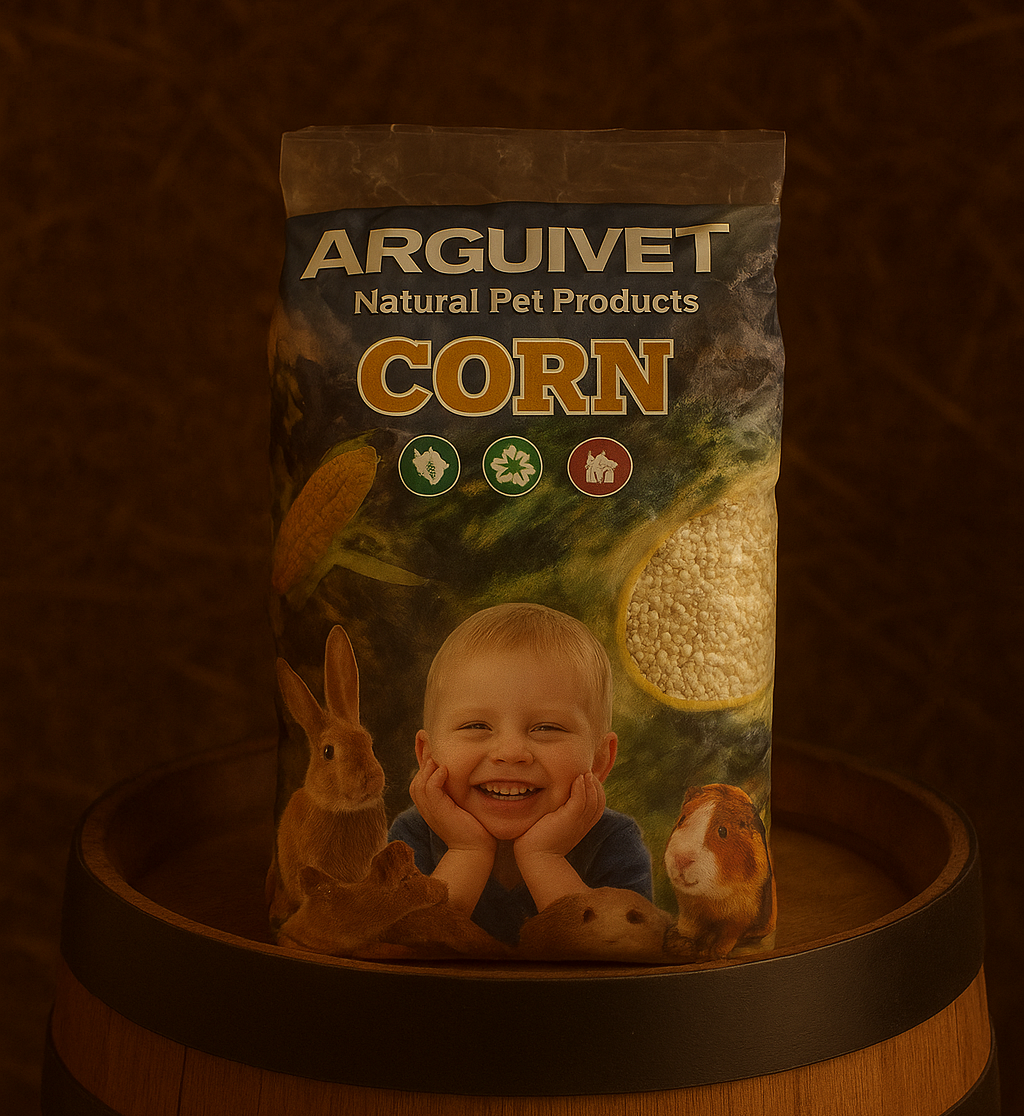 Feed for Rabbits Corn Archivet 10l — MIM Services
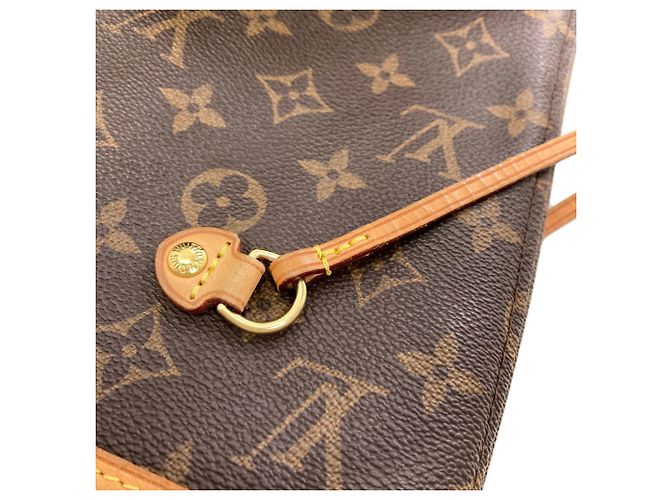 Louis Vuitton Neverfull MM Tote Bag Monogramm - Ansicht 13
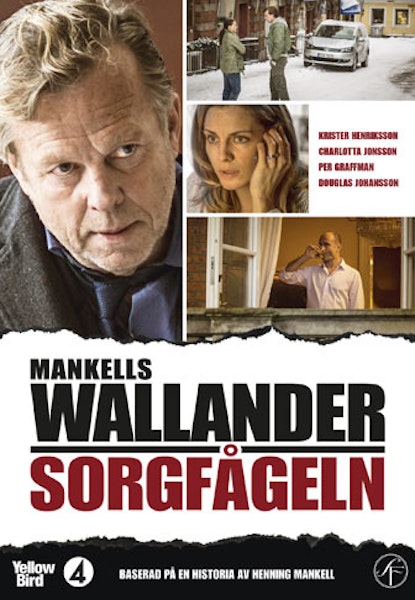 Wallander - Sorgfågeln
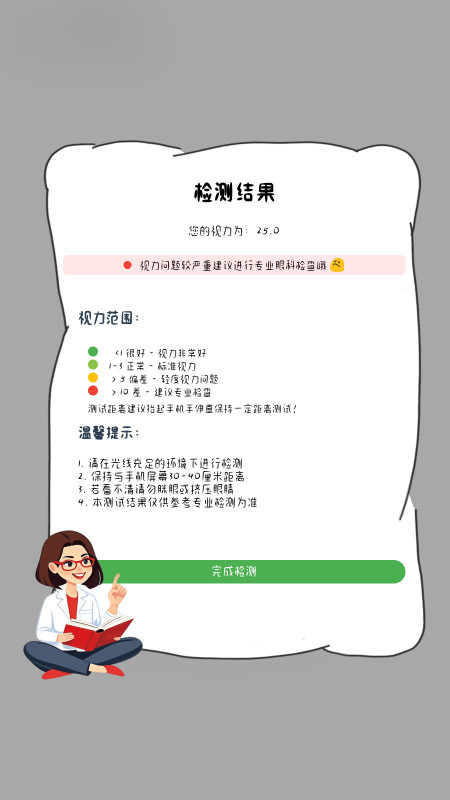 视力(4)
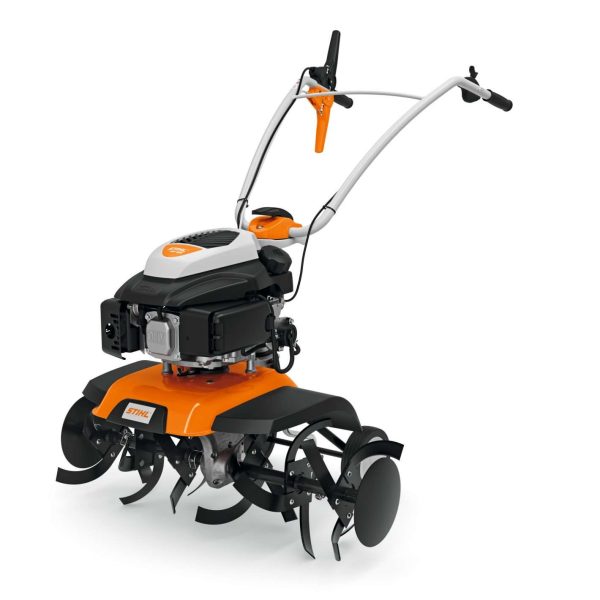 MOTOBINEUSE THERMIQUE STIHL MH 585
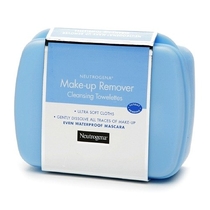 Neutrogena Makeup Remover Cleansing Towelettes 25 ct (Pack of 4)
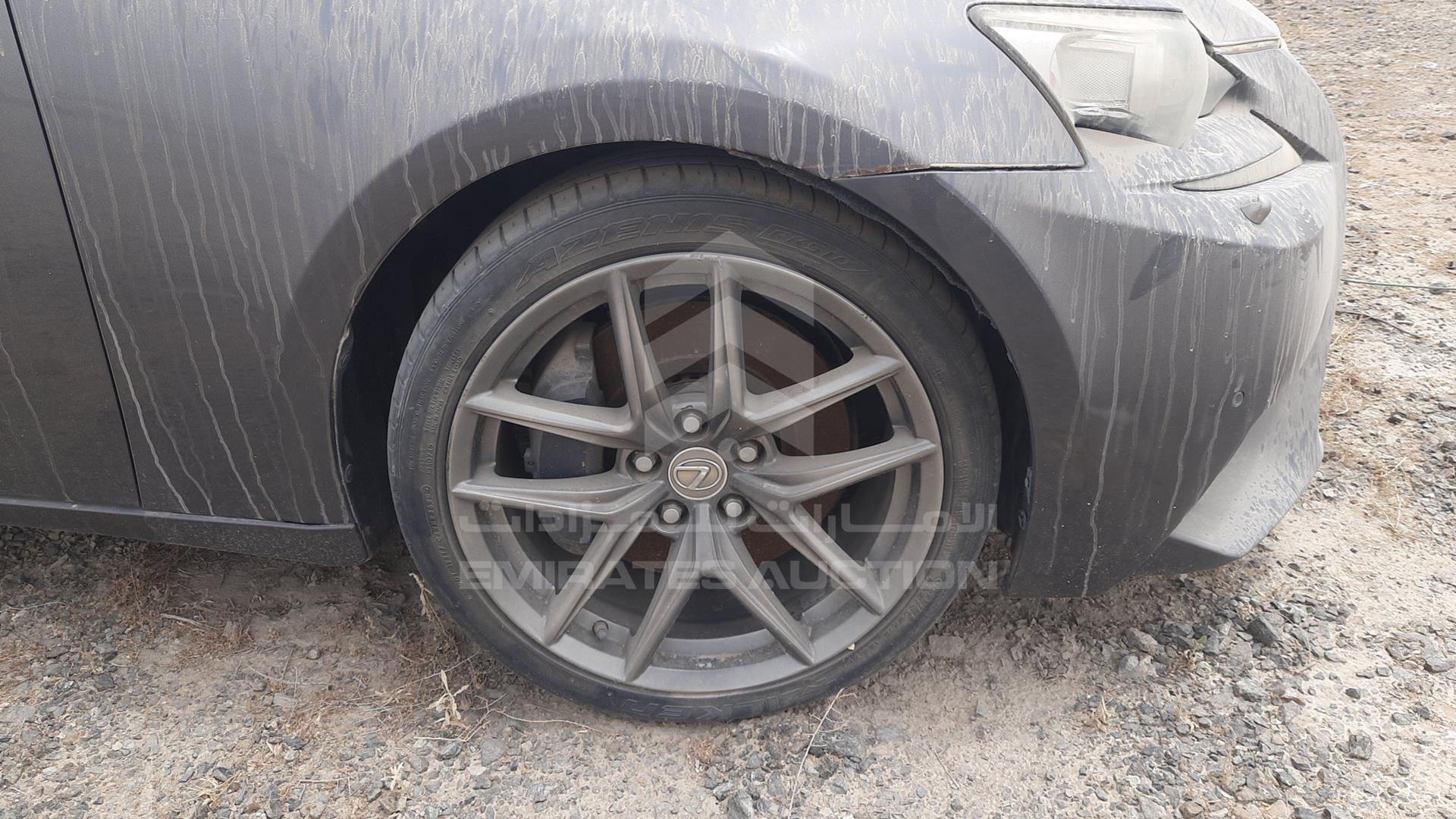 2016 LEXUS IS 350 VIN: JTHBE5D22G5022984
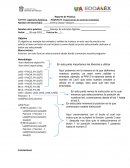 Manejo de entradas digitales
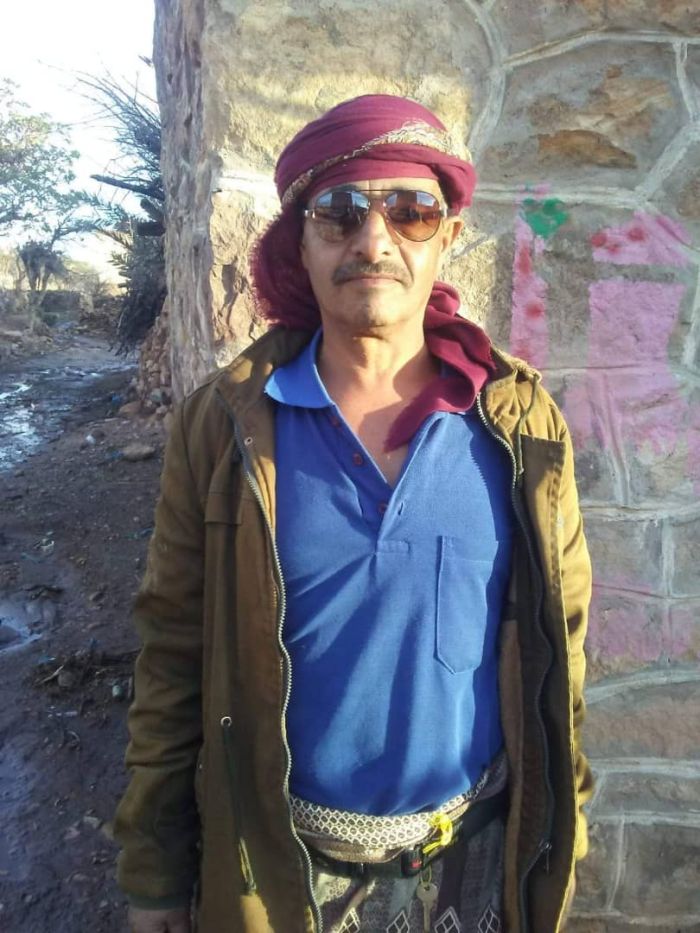 القبض على قاتل أبيه في الحصب بتعز.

YOUR OBJECTIVE >> Leave out the pictures, and give all the records again exactly.

YOUR SOLUTION >>
 Feed for Rabbits Corn Archivet 10l — MIM Services
 Louis Vuitton Neverfull MM Tote Bag Monogramm - Ansicht 13
 Wallander - Sorgfågeln
 视力(4)
 MOTOBINEUSE THERMIQUE STIHL MH 585
 Neutrogena Makeup Remover Cleansing Towelettes 25 ct (Pack of 4)
 2016 LEXUS IS 350 VIN: JTHBE5D22G5022984
 Manejo de entradas digitales
 القبض على قاتل أبيه في الحصب بتعز.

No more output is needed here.